Many conservatives were hoping that President Bush would tap J. Harvie Wilkinson III for a seat on the Supreme Court. It turns out that Wilkinson is against constitutional amendments banning gay marriage (see this oped) in The Washington Post:
The Framers meant our Constitution to establish a structure of government and to provide individuals certain inalienable rights against the state. They certainly did not envision our Constitution as a place to restrict rights or enact public policies, as the Federal Marriage Amendment does. Ordinary legislation – not constitutional amendments – should express the community’s view that marriage “shall consist only of the union of a man and a woman.” To use the Constitution for prescriptions of policy is to shackle future generations that should have the same right as ours to enact policies of their own. To use the Constitution as a forum for even our most favored views strikes a blow of uncommon harshness upon disfavored groups, in this case gay citizens who would never see this country’s founding charter as their own.

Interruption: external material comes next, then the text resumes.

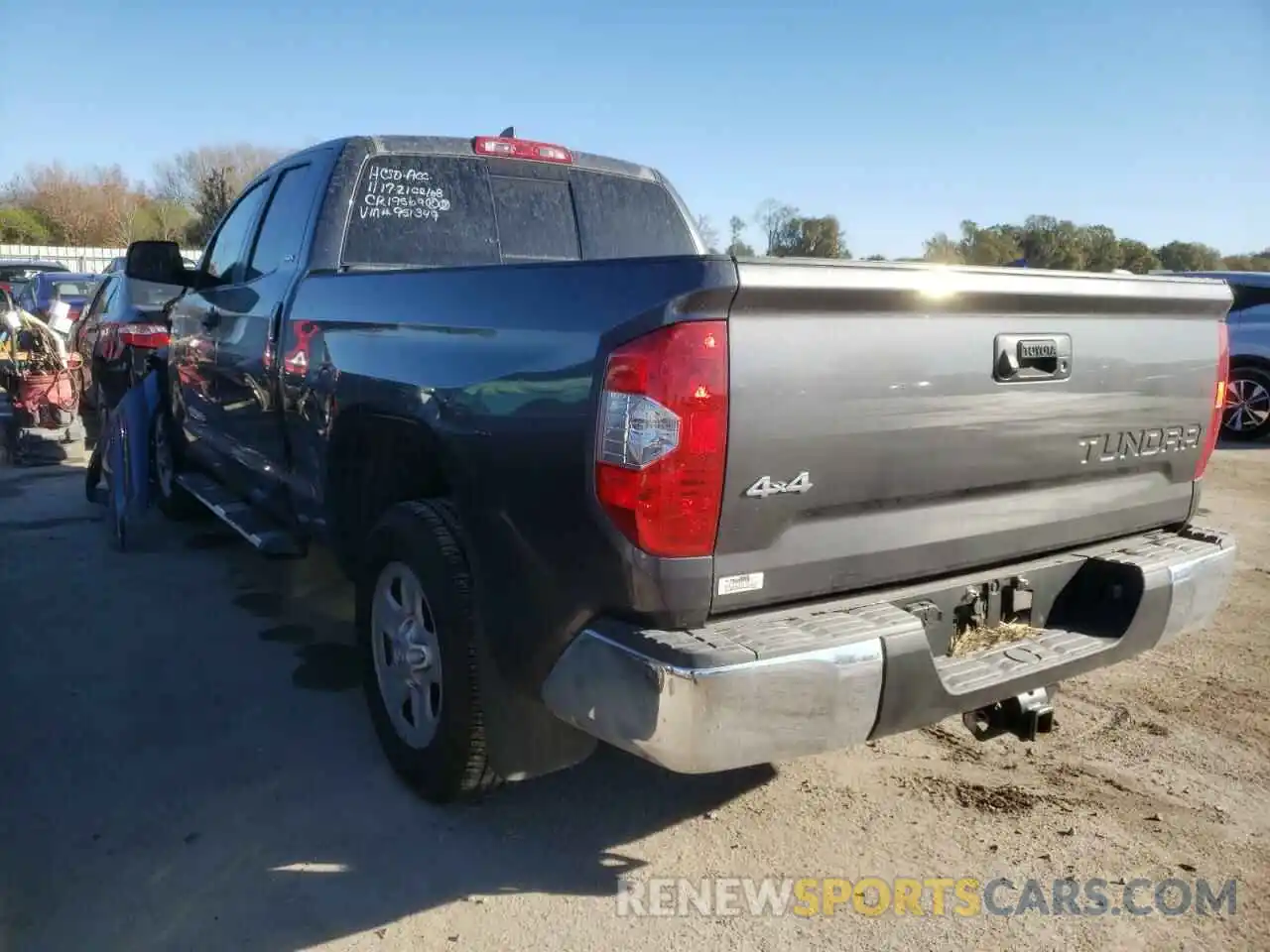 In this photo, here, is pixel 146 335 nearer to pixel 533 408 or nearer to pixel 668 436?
pixel 533 408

I do not argue that same-sex marriage is a good or desirable phenomenon, only that constitutional bans on same-sex unions carry terrible costs. Partisans see only one side of a profound controversy when in fact there are two. It is not wrong for gay citizens to wish to share fully in the life of this country, to partake of its most basic and sacred institution, and to experience the intimacy, bonding and devotion to another that only an institution such as marriage can bring. To embrace this view one need not believe that sexual infidelities will disappear but only that many gay couples will make good on their vows and lead fuller, richer and more productive lives as a result. That, however, is hardly the end of the matter. Marriage between male and female is more than a matter of biological complementarity – the union of the two has been thought through the ages to be more mystical and profound than the separate identities of each alone. Without strong family structures, there will be no stable and healthy social order, and alternative marriage structures might weaken the sanction of law and custom necessary for human families to flourish and children to grow. These are no small risks, and present trends are not often more sound than the cumulative wisdom of the centuries. Is it too much to ask that judges and legislatures acknowledge the difficulty of this debate by leaving it to normal democratic processes?